The sole issue before us is whether the Director erred in ruling that an employer who requires an employee to resign as a condition for receiving a lump-sum settlement does not commit a retaliatory discharge as a matter of law under D.C. Code § 36-342. *fn2 Unless it is unreasonable, a legal interpretation given to a statute by the administrative agency charged with its enforcement should receive our deference. Kramer v. D.C. Dep't of Employment Servs., 447 A.2d 28 (D.C. 1982). In our view, the Director's ruling is not "unreasonable in light of the prevailing law, inconsistent with the statute, or plainly erroneous," Public Employee Relations Bd. v. Washington Teachers' Union Local 6, AFT, 556 A.2d 206, 207 (D.C. 1989), and, therefore, deserves our deference. Powers v. D.C. Dep't of Employment Servs., 566 A.2d 1068, 1069 (D.C. 1989); Dyson v. D.C. Dep't of Employment Servs., 566 A.2d 1065, 1067 (D.C. 1989). Moreover, the ruling is narrowly tailored to prevent overreaching by employers who would seek to coerce employees into settlement arrangements, thus preserving for employees the protections afforded them under D.C. Code § 36-342.
As a matter of public policy, settlements are encouraged and, like any other type of contract, they are binding on the parties when valid. Gabrielian v. Gabrielian, 473 A.2d 847 (D.C. 1984). Settlements cannot take place without a quid pro quo. The claimant must be willing and able to waive his or her rights under the Workers' Compensation Act or there will be no incentive for employers to come to such agreements. Once a claimant, acting in accord with the advice of experienced counsel, agrees to waive such rights in return for a lump-sum and receives that sum, it is entirely reasonable for the Director to conclude that, as a matter of law, the employer does not "retaliate" against the claimant by reaping the benefits of the agreement.

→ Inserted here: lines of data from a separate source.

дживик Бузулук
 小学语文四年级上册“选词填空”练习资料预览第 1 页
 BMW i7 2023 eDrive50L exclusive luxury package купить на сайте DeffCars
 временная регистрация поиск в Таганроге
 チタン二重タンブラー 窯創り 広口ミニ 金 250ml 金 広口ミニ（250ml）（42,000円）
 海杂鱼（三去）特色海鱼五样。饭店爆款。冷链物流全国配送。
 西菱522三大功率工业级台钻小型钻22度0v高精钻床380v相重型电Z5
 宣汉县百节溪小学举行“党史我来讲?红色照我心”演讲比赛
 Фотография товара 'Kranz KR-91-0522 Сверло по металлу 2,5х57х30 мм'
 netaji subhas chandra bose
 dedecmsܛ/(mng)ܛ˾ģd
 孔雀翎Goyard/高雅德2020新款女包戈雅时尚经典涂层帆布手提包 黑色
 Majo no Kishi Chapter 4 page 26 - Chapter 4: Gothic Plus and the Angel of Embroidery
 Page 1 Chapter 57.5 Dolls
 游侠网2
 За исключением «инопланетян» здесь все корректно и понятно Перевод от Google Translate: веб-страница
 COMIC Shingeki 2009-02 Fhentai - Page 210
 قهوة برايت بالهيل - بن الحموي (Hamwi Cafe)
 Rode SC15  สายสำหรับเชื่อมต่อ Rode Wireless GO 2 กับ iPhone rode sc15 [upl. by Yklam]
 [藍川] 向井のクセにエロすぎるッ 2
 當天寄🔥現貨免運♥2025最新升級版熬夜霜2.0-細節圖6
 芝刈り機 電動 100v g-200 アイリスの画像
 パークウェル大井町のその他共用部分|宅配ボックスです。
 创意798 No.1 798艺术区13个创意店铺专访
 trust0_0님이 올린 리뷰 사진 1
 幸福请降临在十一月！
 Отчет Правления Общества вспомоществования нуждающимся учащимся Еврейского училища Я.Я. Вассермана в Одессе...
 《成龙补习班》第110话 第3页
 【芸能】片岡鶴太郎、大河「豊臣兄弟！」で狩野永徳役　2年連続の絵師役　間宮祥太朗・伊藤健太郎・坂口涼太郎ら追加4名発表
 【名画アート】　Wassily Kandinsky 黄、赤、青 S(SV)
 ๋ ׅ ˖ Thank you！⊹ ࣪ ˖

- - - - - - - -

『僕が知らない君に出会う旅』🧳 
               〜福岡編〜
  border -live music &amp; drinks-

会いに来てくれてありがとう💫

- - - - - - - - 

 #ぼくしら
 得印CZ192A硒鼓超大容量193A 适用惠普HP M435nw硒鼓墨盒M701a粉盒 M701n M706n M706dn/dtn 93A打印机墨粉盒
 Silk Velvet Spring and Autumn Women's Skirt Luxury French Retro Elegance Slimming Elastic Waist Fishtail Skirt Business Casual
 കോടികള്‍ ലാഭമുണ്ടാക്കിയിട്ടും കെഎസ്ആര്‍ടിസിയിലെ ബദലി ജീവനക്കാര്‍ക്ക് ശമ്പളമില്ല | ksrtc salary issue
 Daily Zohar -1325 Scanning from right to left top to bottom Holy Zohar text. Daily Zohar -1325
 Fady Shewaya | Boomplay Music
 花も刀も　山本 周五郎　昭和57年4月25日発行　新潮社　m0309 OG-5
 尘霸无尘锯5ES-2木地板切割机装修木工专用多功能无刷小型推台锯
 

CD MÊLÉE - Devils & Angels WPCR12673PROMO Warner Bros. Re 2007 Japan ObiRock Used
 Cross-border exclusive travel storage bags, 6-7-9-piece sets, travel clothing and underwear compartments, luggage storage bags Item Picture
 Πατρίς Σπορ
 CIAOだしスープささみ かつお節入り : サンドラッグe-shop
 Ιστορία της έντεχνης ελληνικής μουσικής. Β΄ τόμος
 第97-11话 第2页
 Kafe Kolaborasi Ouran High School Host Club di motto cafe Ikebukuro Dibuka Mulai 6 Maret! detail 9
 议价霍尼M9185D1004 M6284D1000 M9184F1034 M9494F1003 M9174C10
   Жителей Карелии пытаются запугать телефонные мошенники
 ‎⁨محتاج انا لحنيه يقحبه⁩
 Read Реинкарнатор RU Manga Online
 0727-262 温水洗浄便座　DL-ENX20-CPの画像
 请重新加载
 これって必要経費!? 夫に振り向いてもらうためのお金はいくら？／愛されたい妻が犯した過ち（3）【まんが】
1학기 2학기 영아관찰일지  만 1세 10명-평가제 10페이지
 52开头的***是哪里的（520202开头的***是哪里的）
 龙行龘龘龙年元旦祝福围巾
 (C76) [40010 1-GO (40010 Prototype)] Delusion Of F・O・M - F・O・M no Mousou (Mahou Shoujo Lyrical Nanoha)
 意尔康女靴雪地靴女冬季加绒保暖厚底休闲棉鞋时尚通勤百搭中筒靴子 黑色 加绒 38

The Hearing Examiner's position would have created a per se rule invalidating any settlement agreement requiring the claimant to resign. The Director could reasonably conclude that such a rule is contrary to public policy, because it would unreasonably restrict the ability of employers and claimants to enter into settlement agreements. See generally Gabrielian, supra, 473 A.2d at 847. That is especially true where, as the Director properly found to be the case here, *fn3 the claimant was represented by experienced counsel, *fn4 was fully informed of the terms of the agreement, *fn5 and there were legitimate reasons for the employer to require resignation as a condition of settlement and for the employee to accept such condition. *fn6
Dominique also contends that the settlement agreement must be set aside, thus allowing him to withdraw his resignation, because he entered the agreement under duress. Citing mounting financial pressures during the period when he was negotiating a settlement with WMATA, March through October 1986, Dominique contends that WMATA used its superior "bargaining power" to force him to write a letter of resignation. He further contends that he did not realize that he would have to resign in order to receive benefits under the settlement agreement. As appellate counsel conceded at oral argument, Dominique did not ask that the settlement agreement be set aside below. *fn7 Therefore, we will not hear this issue on appeal.
For the aforementioned reasons, the Director's decision is Affirmed.